Ursinus CS 372: Digital Music Processing, Spring 2025

Assignment 5: The Concatenator (50 Points)

Chris Tralie

Click here to listen to musical statements

Background/Logistics
- Learning Objectives
- What To Submit
Programming Tasks

The Story Behind The Concatenator

This is the first time in my career that I'm creating an assignment based on something I created, and this is an exciting moment for me. Click here to see a story about The Concatenator that Ursinus news wrote. Also watch the video below to see a more detailed story Ben Cantil, my co-author on the work and the artist who inspired this work and helped me to test out my invention, tells about how this came about:

Background / Logistics

We saw in class that it is possible to use Nonnegative Matrix Factorization to decompose an audio clip into a set of K sonic source templates stored in an win_length x K matrix W, as well as a matrix of activations over time for each of these sources stored in a K x nwin matrix H so that the matrix multiplication WH approximates an absolute magnitude spectrogram V. The main application we focused on was "unmixing," or separating an audio track into its different instrument components. This is also sometimes referred to as the "cocktail party problem," since we're trying to filter out one sound from the superposition of many, just like one might try to focus on the speech coming from the person in front of them in the midst of a cacophony of sound at a cocktail party.

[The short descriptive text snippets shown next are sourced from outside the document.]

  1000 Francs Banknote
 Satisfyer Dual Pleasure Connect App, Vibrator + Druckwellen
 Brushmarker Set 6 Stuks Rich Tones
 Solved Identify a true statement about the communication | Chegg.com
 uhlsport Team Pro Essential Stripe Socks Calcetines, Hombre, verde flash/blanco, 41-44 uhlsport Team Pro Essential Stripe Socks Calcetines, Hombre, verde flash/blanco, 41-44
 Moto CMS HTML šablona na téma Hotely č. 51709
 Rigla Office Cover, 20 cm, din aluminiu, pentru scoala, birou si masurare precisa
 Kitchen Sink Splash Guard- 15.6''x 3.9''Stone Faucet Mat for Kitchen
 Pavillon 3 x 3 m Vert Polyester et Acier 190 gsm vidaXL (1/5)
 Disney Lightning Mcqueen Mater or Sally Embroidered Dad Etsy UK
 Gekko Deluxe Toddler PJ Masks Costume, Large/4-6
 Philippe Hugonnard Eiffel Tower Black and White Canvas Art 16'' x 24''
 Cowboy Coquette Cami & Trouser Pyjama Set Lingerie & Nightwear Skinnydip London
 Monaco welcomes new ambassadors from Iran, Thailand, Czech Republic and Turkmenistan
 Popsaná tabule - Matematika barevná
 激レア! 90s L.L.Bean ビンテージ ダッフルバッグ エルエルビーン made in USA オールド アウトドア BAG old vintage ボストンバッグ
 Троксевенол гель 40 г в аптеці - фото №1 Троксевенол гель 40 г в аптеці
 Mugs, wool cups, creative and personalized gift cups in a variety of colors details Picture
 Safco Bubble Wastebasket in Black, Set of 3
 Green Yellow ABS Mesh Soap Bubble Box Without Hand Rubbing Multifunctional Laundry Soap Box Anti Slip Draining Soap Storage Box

In addition to audio unmixing and learning musical instrument templates from audio, the mathematics that were developed for NMF can also be used to create a novel instrument for musical expression. In addition to being given a spectrogram V, we are also the W of templates, which remains fixed, and our job is only to learn H. In this way, we can think of the problem not as one of unmixing, but of learning how to activate a set of templates we're given to best match a target V. This is referred to as "musaicing" in this paper by Thomas Driedger et. al.. The musaicing technique in that paper is referred to as the "Let It Bee" technique, and it earned its name by showing how using V as the spectrogram for a clip of Let It Be from The Beatles, and inputting W as the spectrogram of a bunch of bees buzzing.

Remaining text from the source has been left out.